The UI has a learning curve. If you have played other recent MMOs, you can pretty much just forget everything you have seen. The cookie-cutter interface from WoW, EQ2, WAR, AOC is completely gone. I think people are going to struggle with it the first time they sit down and it could turn some people off. Luckily, there is a small tutorial to help you get your bearings. Right clicking the mouse turns the game into UI/Menu mode, much of what you would expect if you pressed the "ESC" key in any other MMO.
When in this mode, you will see that this is the only time you have a mouse cursor on your screen. This means when you are in play mode, there is no clicking on your hotbar to active abilities, you just press the numerically assigned button on your keyboard. The UI is completely customizable as you can move and resize any window to fit your personal preference. The in-game help pretty much tells you that controls will feel better to FPS players over MMO players. The "F" key is the default use button and works just like it would in Call of Duty, as does spacebar with jumping, and "C" for crouching. The "R" key draws your weapon, and will put you into 3rd person if you have a melee weapon equipped.

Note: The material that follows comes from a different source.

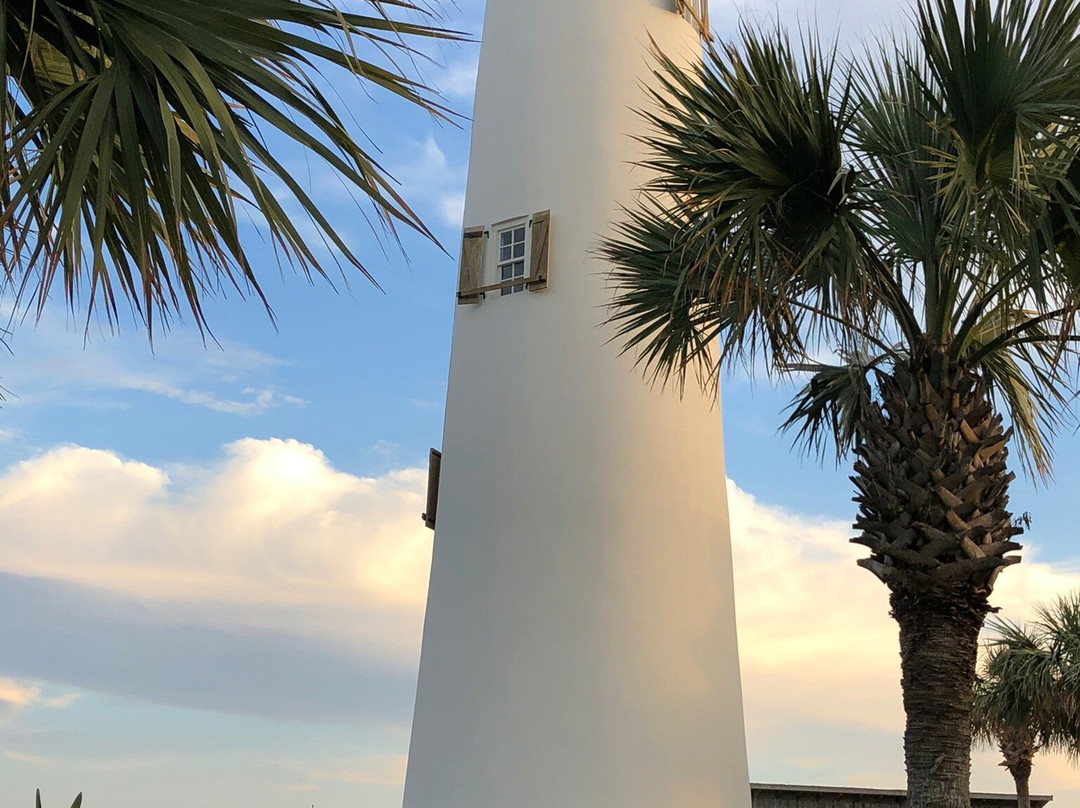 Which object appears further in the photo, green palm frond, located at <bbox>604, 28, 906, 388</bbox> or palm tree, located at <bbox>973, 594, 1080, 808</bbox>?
palm tree, located at <bbox>973, 594, 1080, 808</bbox>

You can't loot a target with your weapon drawn. When monster or players die, they leave a tombstone which can be looted by pressing the use key. When the loot box open, this will put you into UI mode, so you will not be able to move or do anything. You also need to open your backpack (Default "B" button) and manually drag and drop the items from their corpse to your bag one at a time. This will definitely be perceived by many as clunky, but at the same time there is a case to be made by others that looting should not be fast to prevent people from cleaning out bodies quickly in the middle of a heated battle. After playing for a while, I think it has grown on me a lot because the time associated with cleaning someone out adds a risk when you are in a heated situation.

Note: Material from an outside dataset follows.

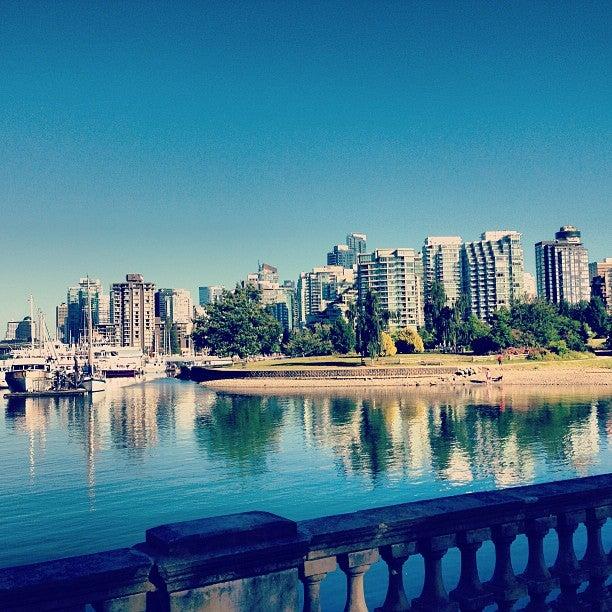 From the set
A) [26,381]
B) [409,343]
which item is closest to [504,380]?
[409,343]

My main beef with UI is the chat box. The chat box has multiple tabs that correspond to the different channels, such as group, clan, local, tells, and alliance. The problem with this is that it is becomes easy to miss messages. Let's say you are in your group chat tab running around looking for trouble, and you run across another player and kill them. Unfortunately, that player asked if he could join you and wanted to provide you with some valuable information, but you missed it because his text was under the local tab that you were not looking at because you were talking in group. Unless you are paying careful attention to the various tabs, you are bound to miss a tell or message in another channel. You can however click and drag those tabs out to create new chat windows for that channel. This also means that having a different chat box for each channel can start to clutter up your screen. I think the chat would be better served with multiple channels in the same tab, and leaving it up to the user to decide which channels they want to see in each tab. Aventurine has stated that further revamping of chat is already in the works and will arrive shortly, so there is a good chance that this will be less of an issue very soon.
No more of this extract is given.